La lutte contre la bronchiolite des nourrissons franchit une nouvelle étape. À compter du 31 août 2026, le remboursement de la bronchiolite évolue en profondeur : les deux principaux traitements préventifs disponibles en France, Beyfortus et Enflonsia, voient leur taux de prise en charge par l’Assurance Maladie plus que doublé. Une décision publiée au Journal officiel le 21 août 2026, à quelques semaines seulement du début de la saison hivernale de la bronchiolite.
Un taux de remboursement qui passe de 30 % à 65 %
Jusqu’à présent, Beyfortus (nirsevimab), l’anticorps monoclonal du laboratoire Sanofi utilisé en prévention de la bronchiolite chez les nourrissons, n’était pris en charge qu’à hauteur de 30 % par l’Assurance Maladie. Ce taux passera à 65 % dès le 31 août 2026. Ce relèvement s’explique notamment par la réévaluation du service médical rendu (SMR) de Beyfortus, désormais jugé « important » alors qu’il était auparavant classé « modéré ». Le produit, dont le prix public est de 401,80 euros, devient ainsi nettement plus accessible pour les familles, en complément d’une éventuelle prise en charge par les complémentaires santé.

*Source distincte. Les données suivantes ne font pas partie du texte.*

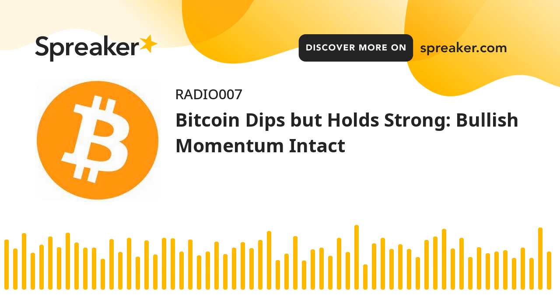Technical indicators: Hourly MACD — the MACD is now losing pace in the bullish zone. Hourly RSI (relative strength index) — the RSI for BTC/USD is now above the 50 level. Major support levels: $69,200, followed by $68,800. Major resistance levels: $70,500, $71,200, and $71,800.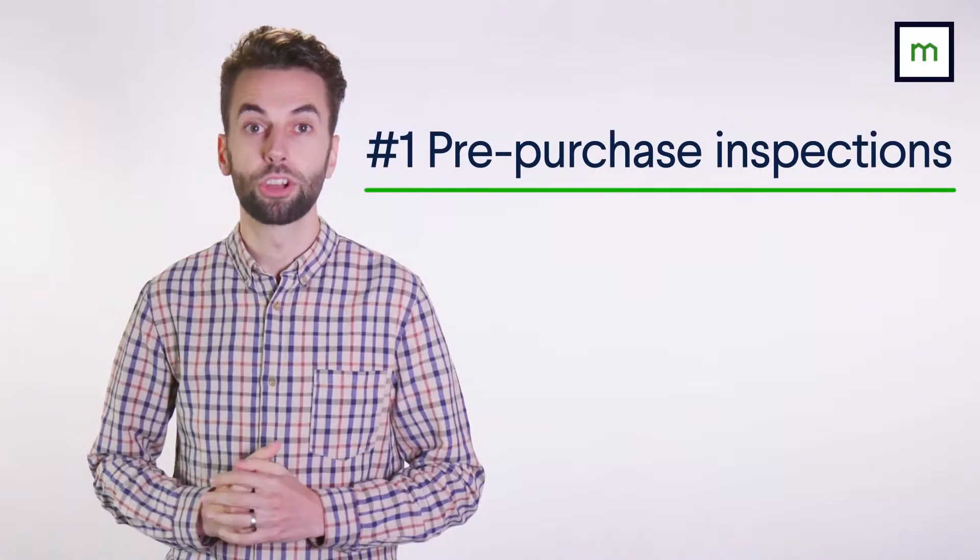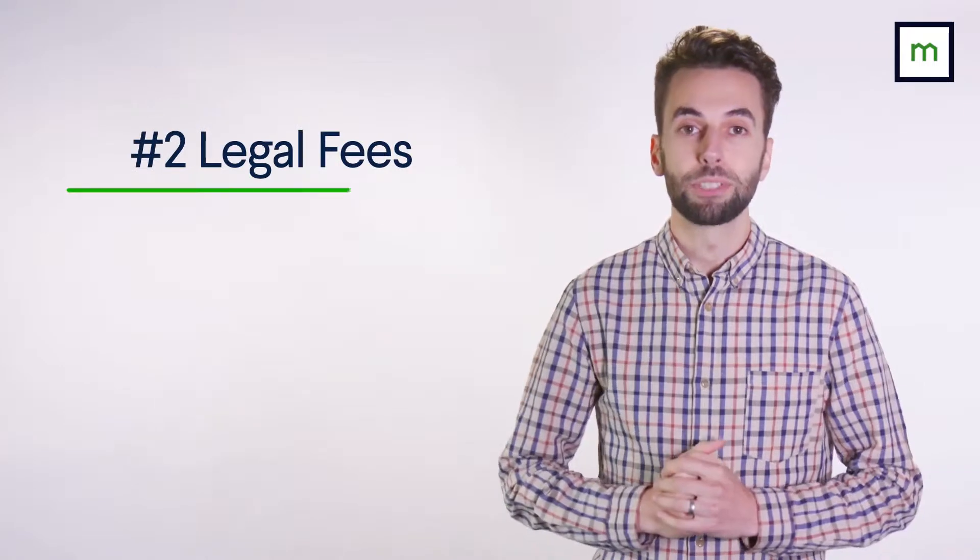Pre-purchase inspections cost about $500 each, and they're worth it to make sure the home you're buying doesn't have any hidden problems, even if it's recently built. If an inspection does turn up any problems, you can walk away or potentially use them as a bargaining chip when making an offer.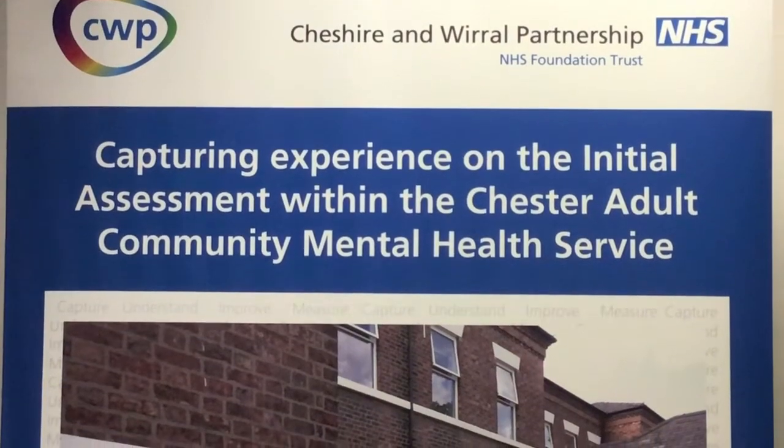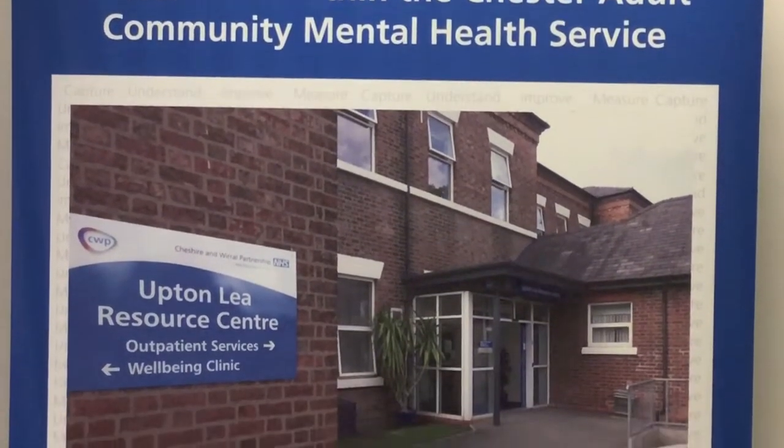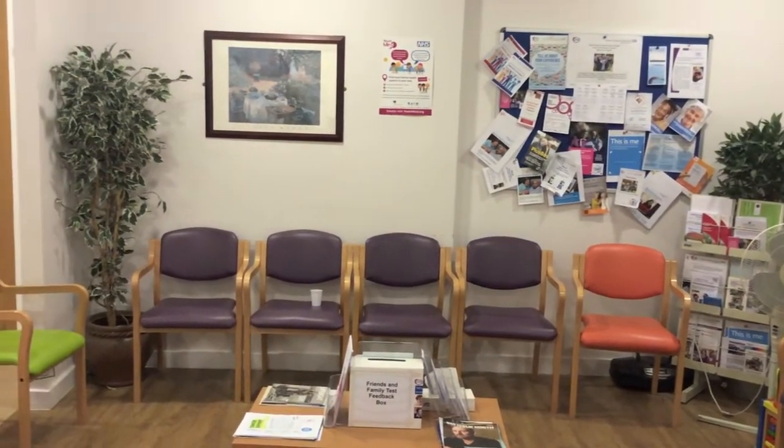The project began in February 2016 and is still continuing. Improvements so far include better seating and signage in the reception area, a meet and greet welcome sheet, a volunteer welcomer in the clinic two days a week, and redesigned leaflets.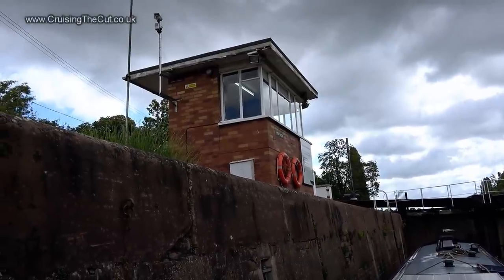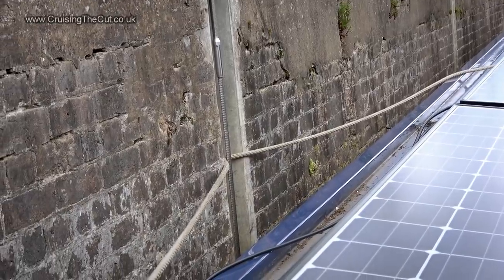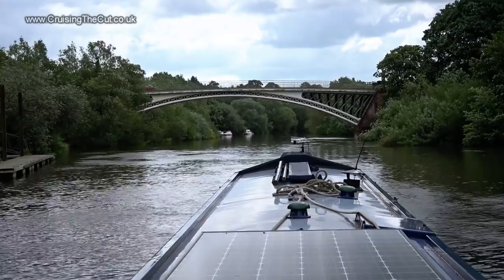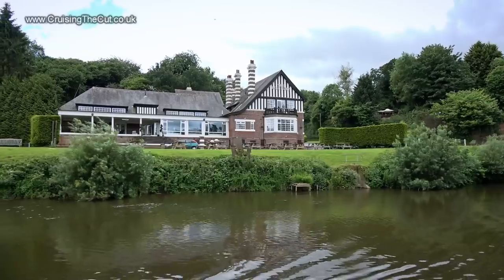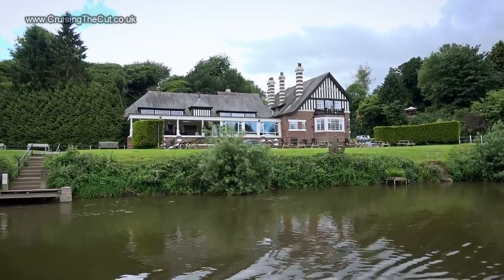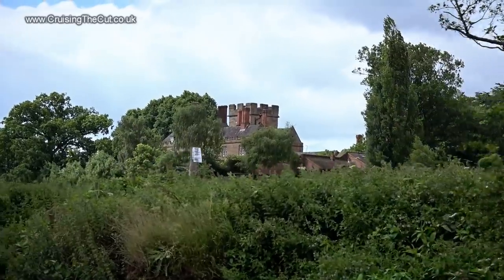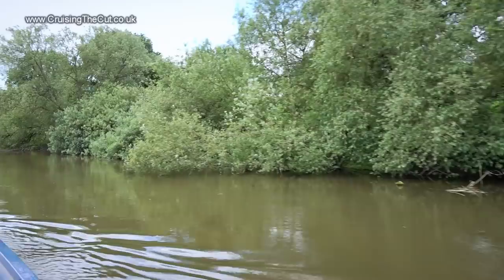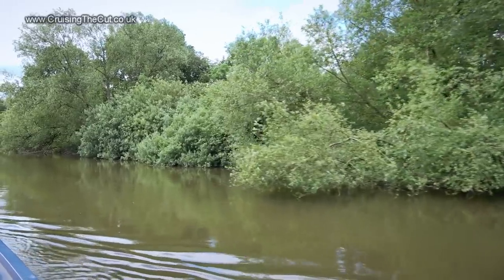This is Holt Fleet Bridge and on the other side of it a little surprise for me - I've eaten in that pub many times and watched the boats go by. I never thought I'd be one of them. Just visible is Holt Castle. And onward still, like a bat out of hell - I can hear Meatloaf now.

Enflonsia s’aligne sur le même taux
Deuxième option disponible sur le marché français, Enflonsia (clesrovimab), du laboratoire MSD, bénéficie de la même revalorisation. Son taux de remboursement s’aligne également sur celui de Beyfortus et passera à 65 % à la même date du 31 août 2026. Les deux traitements reposent sur le même principe : l’immunisation passive contre le virus respiratoire syncytial (VRS), l’agent infectieux responsable de la grande majorité des bronchiolites chez les tout-petits. Concrètement, ils consistent en une injection unique d’anticorps qui protège le nourrisson dès sa naissance ou avant l’entrée dans la saison à risque, sans nécessiter de réponse immunitaire active de sa part.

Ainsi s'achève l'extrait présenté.